The expectation of this study was that blue mussel (Mytilus edulis) individuals would

alter their filtration rate in response to exposure to different diets. An experiment was designed

and implemented to test for these differences; mussels were collected and exposed to a diet

treatment of plankton or fucoid zygotes for 1, 2, or 4 hours. Differences in filtration rates

between the three time periods in each treatment and between the two treatments at each time

period were analyzed for three days of data collection.

Organism Collection

One hundred adult (larger than 40 mm in length as defined by FAO Fisheries Statistics

2006) blue mussel, Mytilus edulis, individuals were collected in the fall of 2014 from the floating

docks at the Maine Maritime Academy waterfront in Castine, Maine. Sixty mussels, of an

average length of 54.5+3.43 mm, width of 27.7+1.78 mm, and weight of 14.3+2.7 g with no

shell damage (e.g. cracked or broken areas, epiphyte growth), were chosen for the experiment.

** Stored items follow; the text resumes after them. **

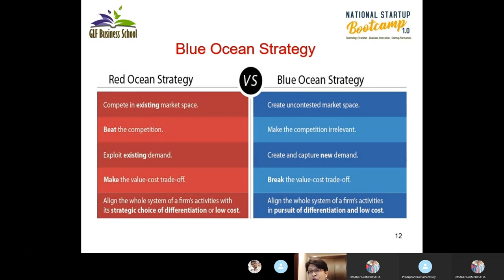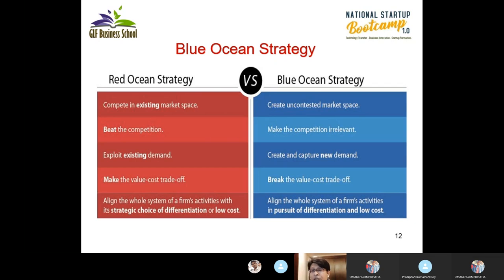In red ocean strategy, the principle is to align the whole system of the firm's activities with its strategic choice of differentiation or low cost. But in blue ocean strategy, it is aligning the whole system of a firm's activities in pursuit of both differentiation and low cost simultaneously. You create that market through innovation and research and development.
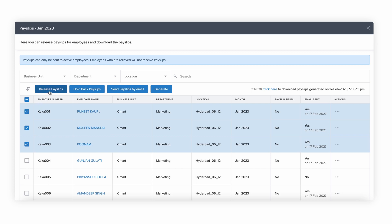You can release payslips, hold back the payslip, send payslips via email, or generate and download the payslip yourself.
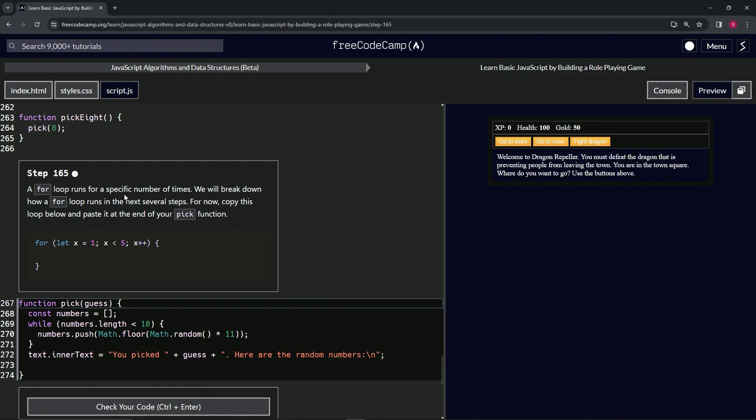So a for loop runs for a specific number of times. We're going to break down how a for loop runs in the next several steps, but for now we're going to copy this for loop below and paste it at the end of our pick function.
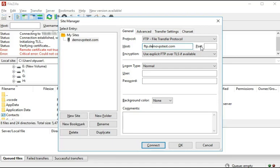In the Port field, you can either enter 21 or keep it blank as it is. Here we have kept it blank.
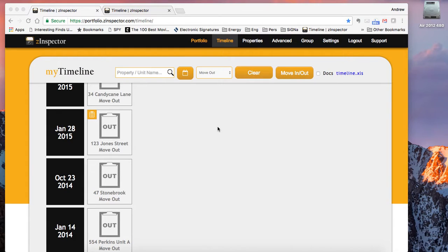Hi, this is Andy Wallace from Z-Inspector, and today we're going to talk about a new feature that allows you to take all of your property management inspection data and export that directly into an Excel template that you've designed.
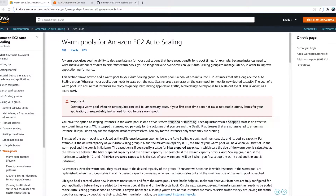Hello everyone, welcome to another video of Cloud Deep Dive. In today's video we will talk about a newly launched feature by AWS: Warm Pools for Amazon EC2 Auto Scaling.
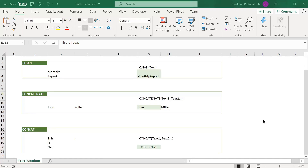Microsoft Excel has many functions when it comes to manipulating text. In this video we are going to see some of the most commonly used text functions. The link to the Excel workbook used in this video is provided in the description.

Mussels were maintained in the Andrews Hall running seawater laboratory prior to data

collection. Twenty mussels were used each day for a three day experiment. All mussels were

exposed to artificial seawater containing no food for 24 hours prior to the start of the experiment.

Mussels were randomly assigned to a beaker numbered one through twenty. Subsequently, the

diet treatment (fucoid zygotes or plankton in artificial seawater) and a time period (1, 2, or 4

hours) were randomly assigned to each beaker.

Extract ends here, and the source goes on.